На «Ариэле» у Фультона было достаточно времени, чтобы еще раз глубоко заглянуть в самого себя.

Чем обладал Фультон, вступая, наконец, в настоящую жизнь? Прежде всего, крепкой верой в свои силы и в свое художественное призвание. Некоторым умением владеть кистью и недурным знанием часового искусства. Упорством в достижении намеченной цели. Любознательностью и стремлением расширить свой умственный горизонт. Очень скромные потребности в личной жизни и уменье переносить трудности всякого рода давали немалую силу для достижения ясной цели. Это в активе. С этим он построит свою дальнейшую жизнь.

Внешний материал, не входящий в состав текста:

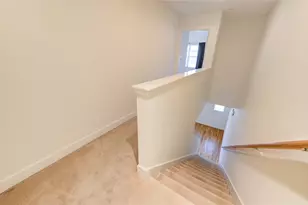 2710 Hullsmith Dr, Houston, TX 77063 - Photo 23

В пассиве лежали — неопытность, беспорядочное образование, незнание людей и страны, куда он сейчас направляется> огромное честолюбие и почти полное отсутствие средств. Но актив все-таки был выше пассива. В молодости и не могло быть иначе.

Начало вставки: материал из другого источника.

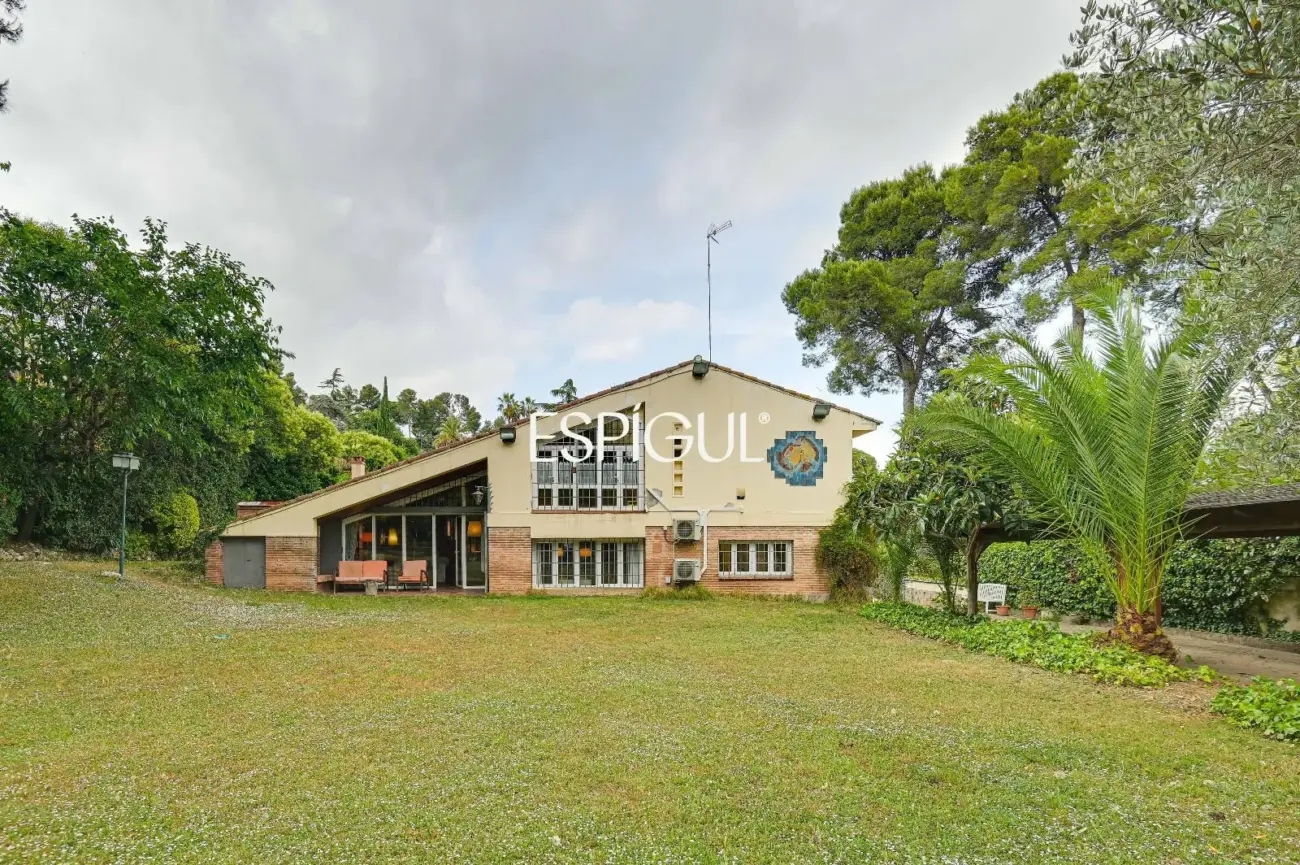Casa en venta en Bellaterra con gran jardín y mucha privacidad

Набережная Темзы и лондонский Тоуэр в начале XIX века

Над бесконечной гладью воды всплыли, наконец, туманные берега южной Англии. Еще два долгих дня, и «Ариэль» будет у цели. Вместе с океаном осталась позади пора детства и юности Роберта Фультона.

ФУЛЬТОН В АНГЛИИ

(1786–1797)

Лондон в первое время ошеломил молодого Фультона. Этот город был в его глазах средоточием всего культурного мира. Какая другая столица могла тогда поспорить с этим колоссом? Чей флаг победоносно, развевался на морях всех частей света? Чьи машины и фабрики считались первыми в мире?

Два чувства боролись в душе Фультона, когда в дымке тумана увидел он высившуюся над городом золотую шапку собора св. Павла. Чувство настороженности и неприязни к стране, с которой его родина только-что окончила долгую и упорную борьбу за свою независимость, и чувство восхищения перед мощью и культурой народа, родственного ему по крови и языку.

Фультону временами казалось, будто он возвращается после долгого путешествия в когда-то близкий и хорошо ему известный дом. Чувство, знакомое многим американцам, впервые приезжающим в Англию.

Несколько теплых рукопожатий с товарищами по долгому морскому путешествию, и Фультон на пристани. Зеленый сундучок, его скромный багаж, погружен на ручную тележку — кэб стоил бы слишком дорого. Хозяин тележки уверил Фультона, что необходимая ему улица — совсем близко. Но пространственные понятия Филадельфии и Лондона, повидимому, разнились между собой. То, что в Лондоне считалось близко, оказалось куском в добрую милю. Однако Фультон не жаловался на вынужденную прогулку. Он готов был часами ходить по замечательным улицам.

Филадельфия когда-то поразила юного Фультона своими размерами. Каким захолустьем казалась теперь столица Америки по сравнению с этим гигантом, раскинувшимся по обоим берегам Темзы!